Today we are releasing refinements that advance our machine learning algorithms' identification of mean-reverting bond pairs. Our model is now considerably more effective at discarding spuriously correlated pairs and disentangling pair motions from bulk market movements. These improvements are encapsulated in two key areas of the model:
- Determining the relevancy of the bonds that form a pair
- Identification of the top performing ideas in the market
In improving the calculation of pair relevancy Katana's algorithm now utilizes a combination of automated and manually engineered features to identify relevant pairs, including:
- (a) a relevancy identification model that has been trained with our partners
- (b) a word2vec model based on Google News Negative 300 vectors, and
- (c) several statistical measures based on the pairs' past performance
These features above are summarized by the new "Similarity" score on the Discovery page. This score can take on values between 0 and 1, with 1 indicating a highly similar pair. These features are convolved with each bond's historic pricing data to produce a segmentation of “related bonds” — bonds that share a sufficiently large fraction of both static and dynamic characteristics that even professional asset managers agree make them a compelling tradable pair.
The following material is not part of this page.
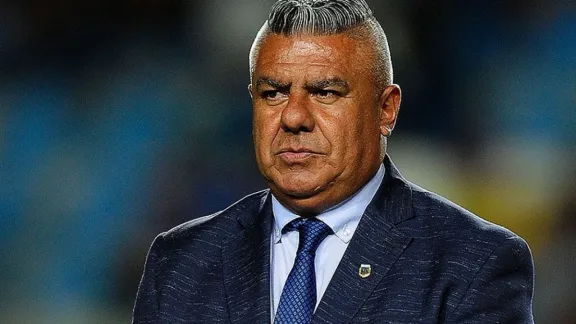El Banco Industrial cerró una cuenta de la financiera ligada a Chiqui Tapia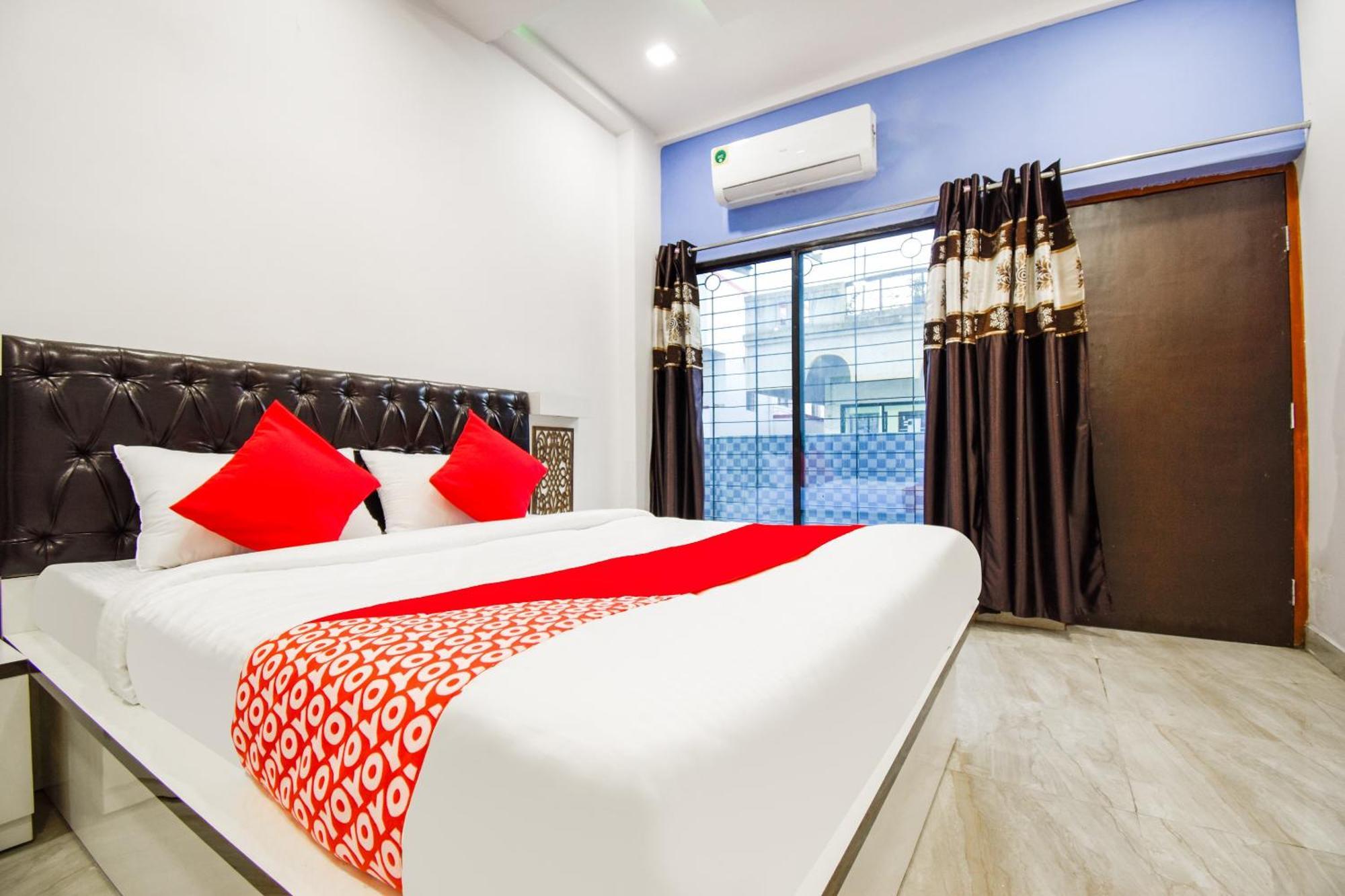 Oyo Flagship Mariyam Service Apartments 那格浦尔 外观 照片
We have also improved the model's ability to identify reliably mean-reverting pairs by utilizing up to 5 years of overlapping price history between the bonds in any given pair. Over this period we calculate a wide variety of statistical measures in multiple windows and over a range of horizons of different durations. These metrics are aggregated across all intervals in order to construct a holistic measure of how any given pair of bonds have performed in tandem throughout their history. When a pair's dynamics evolve beyond specific thresholds on these metrics we can be reasonably confident that one of the bonds in the recommended pair is over-/undervalued with respect to the other. And we make use of both of the absolute z-score dislocation of the pair, as well as its rate of change, to then identify the potential top-performing ideas.
Using a robust backtesting framework and a 30-day mean reversion horizon, from both IG and EM combined, we find that 91% of the pairs identified as “Top Ideas” revert to their mean separations 30-days later with a median compression of -11 bps, and performs robustly across a wide spectrum of reversion timescales:
This refined approach also allows us to identify and present past mean reversions of a given pair, providing further insight for our users as to a pairs' historical behavior. The figures below are just two examples of pairs our model has identified that exhibit regular mean-reverting behavior (as indicated by the regularly spaced, vertically shaded regions):
We're continuing to develop several new features that will allow our users to gain even more insight into the ideas generated by our models, as well as to furnish still more information about how the ideas generated by the model can be expected to perform.